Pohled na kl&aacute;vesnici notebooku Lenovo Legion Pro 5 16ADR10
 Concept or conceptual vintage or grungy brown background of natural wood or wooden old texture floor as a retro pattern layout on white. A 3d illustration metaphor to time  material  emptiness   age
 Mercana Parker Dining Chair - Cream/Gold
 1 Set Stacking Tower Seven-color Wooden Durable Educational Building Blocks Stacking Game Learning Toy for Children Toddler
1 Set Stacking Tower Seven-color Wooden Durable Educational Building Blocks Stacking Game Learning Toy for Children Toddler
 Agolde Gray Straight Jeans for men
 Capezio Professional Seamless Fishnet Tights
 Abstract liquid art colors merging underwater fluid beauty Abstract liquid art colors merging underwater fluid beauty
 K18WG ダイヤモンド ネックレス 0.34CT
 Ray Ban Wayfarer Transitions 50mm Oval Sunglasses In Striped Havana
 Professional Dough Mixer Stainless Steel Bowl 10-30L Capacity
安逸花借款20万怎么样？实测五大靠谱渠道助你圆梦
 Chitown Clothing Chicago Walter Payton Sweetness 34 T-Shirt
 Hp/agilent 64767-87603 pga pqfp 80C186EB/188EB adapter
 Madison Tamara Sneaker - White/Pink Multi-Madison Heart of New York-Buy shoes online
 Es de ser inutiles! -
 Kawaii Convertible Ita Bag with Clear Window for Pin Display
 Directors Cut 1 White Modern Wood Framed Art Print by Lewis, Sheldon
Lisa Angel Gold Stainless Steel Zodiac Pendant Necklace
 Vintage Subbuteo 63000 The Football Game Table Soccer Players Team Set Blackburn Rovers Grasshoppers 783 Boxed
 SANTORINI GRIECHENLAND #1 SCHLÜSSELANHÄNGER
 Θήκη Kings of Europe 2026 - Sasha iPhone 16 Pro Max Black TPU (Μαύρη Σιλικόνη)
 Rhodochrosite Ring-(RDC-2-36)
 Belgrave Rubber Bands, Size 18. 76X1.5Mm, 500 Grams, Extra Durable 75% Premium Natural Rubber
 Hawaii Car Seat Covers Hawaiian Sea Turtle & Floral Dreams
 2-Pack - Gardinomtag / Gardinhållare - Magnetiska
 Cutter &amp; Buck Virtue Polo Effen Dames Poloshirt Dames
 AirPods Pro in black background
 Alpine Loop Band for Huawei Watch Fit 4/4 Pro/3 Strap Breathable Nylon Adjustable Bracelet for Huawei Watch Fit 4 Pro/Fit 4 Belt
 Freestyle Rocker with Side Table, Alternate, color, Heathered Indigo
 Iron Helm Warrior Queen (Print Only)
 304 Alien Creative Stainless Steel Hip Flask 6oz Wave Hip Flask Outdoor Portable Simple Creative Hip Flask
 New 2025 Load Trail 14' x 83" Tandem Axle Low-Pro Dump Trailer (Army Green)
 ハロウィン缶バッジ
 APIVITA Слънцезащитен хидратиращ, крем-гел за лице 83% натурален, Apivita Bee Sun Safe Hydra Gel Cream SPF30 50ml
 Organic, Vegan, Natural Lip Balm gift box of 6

* [Your objective] Taking the line with "Chitown Clothing Chicago" as the first and the line with "Belgrave Rubber Bands, Size" as the last, retype that stretch of the data above exactly, with no other lines.

* [Solution to this problem]
 Chitown Clothing Chicago Walter Payton Sweetness 34 T-Shirt
 Hp/agilent 64767-87603 pga pqfp 80C186EB/188EB adapter
 Madison Tamara Sneaker - White/Pink Multi-Madison Heart of New York-Buy shoes online
 Es de ser inutiles! -
 Kawaii Convertible Ita Bag with Clear Window for Pin Display
 Directors Cut 1 White Modern Wood Framed Art Print by Lewis, Sheldon
Lisa Angel Gold Stainless Steel Zodiac Pendant Necklace
 Vintage Subbuteo 63000 The Football Game Table Soccer Players Team Set Blackburn Rovers Grasshoppers 783 Boxed
 SANTORINI GRIECHENLAND #1 SCHLÜSSELANHÄNGER
 Θήκη Kings of Europe 2026 - Sasha iPhone 16 Pro Max Black TPU (Μαύρη Σιλικόνη)
 Rhodochrosite Ring-(RDC-2-36)
 Belgrave Rubber Bands, Size 18. 76X1.5Mm, 500 Grams, Extra Durable 75% Premium Natural Rubber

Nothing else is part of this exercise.